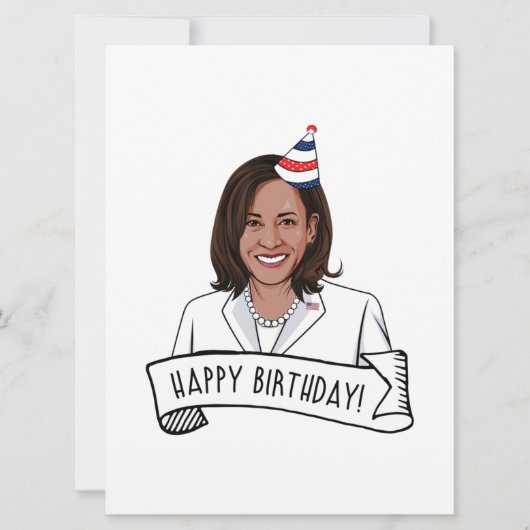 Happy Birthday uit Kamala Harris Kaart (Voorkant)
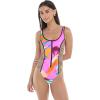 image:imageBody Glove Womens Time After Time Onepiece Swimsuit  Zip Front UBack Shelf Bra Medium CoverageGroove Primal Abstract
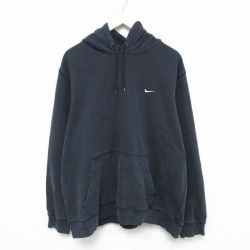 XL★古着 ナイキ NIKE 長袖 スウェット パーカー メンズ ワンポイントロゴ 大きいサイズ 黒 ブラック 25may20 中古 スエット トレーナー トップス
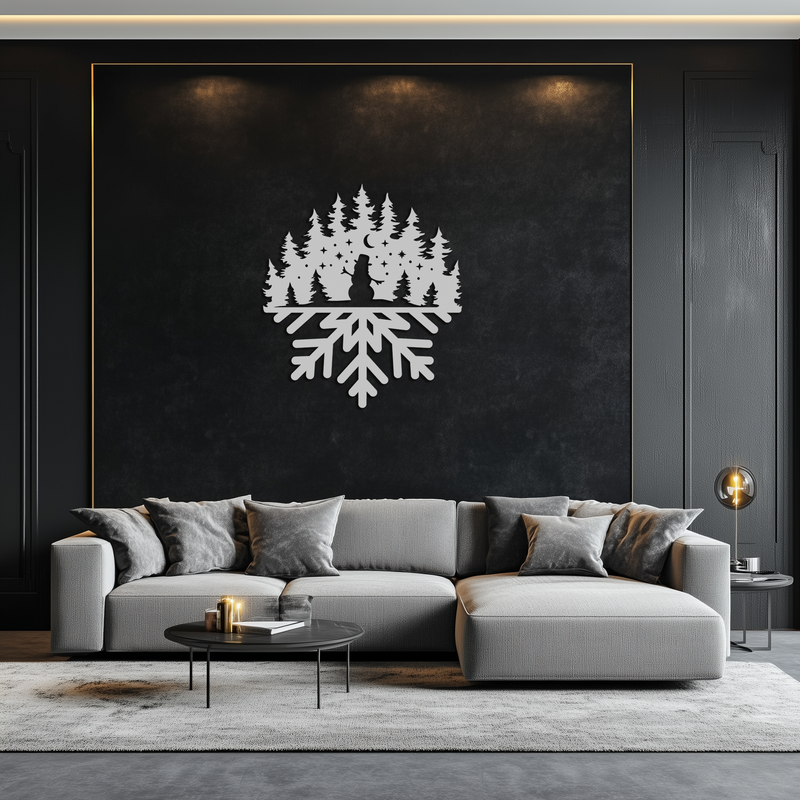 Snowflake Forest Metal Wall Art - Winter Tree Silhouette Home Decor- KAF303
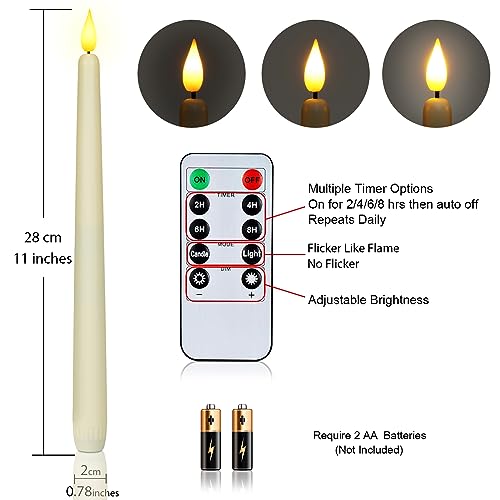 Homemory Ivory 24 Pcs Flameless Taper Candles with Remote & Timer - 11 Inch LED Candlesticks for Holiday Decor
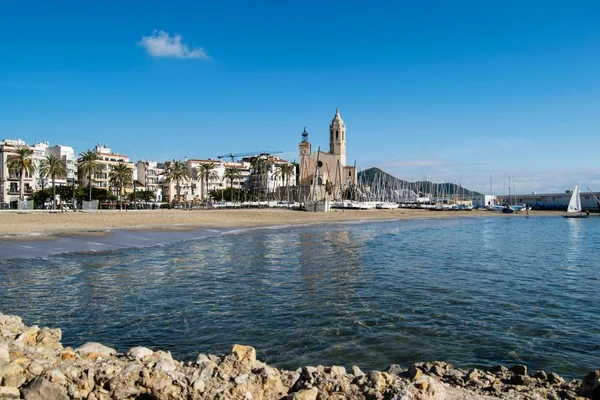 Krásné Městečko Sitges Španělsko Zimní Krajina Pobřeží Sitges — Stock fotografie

§ §

**YOUR GOAL**
Take the records above and transcribe them exactly, dropping every picture.

**RESULT FOR THIS TASK**
 Happy Birthday uit Kamala Harris Kaart (Voorkant)
 image:imageBody Glove Womens Time After Time Onepiece Swimsuit  Zip Front UBack Shelf Bra Medium CoverageGroove Primal Abstract
 XL★古着 ナイキ NIKE 長袖 スウェット パーカー メンズ ワンポイントロゴ 大きいサイズ 黒 ブラック 25may20 中古 スエット トレーナー トップス
 Snowflake Forest Metal Wall Art - Winter Tree Silhouette Home Decor- KAF303
 Homemory Ivory 24 Pcs Flameless Taper Candles with Remote & Timer - 11 Inch LED Candlesticks for Holiday Decor
 Krásné Městečko Sitges Španělsko Zimní Krajina Pobřeží Sitges — Stock fotografie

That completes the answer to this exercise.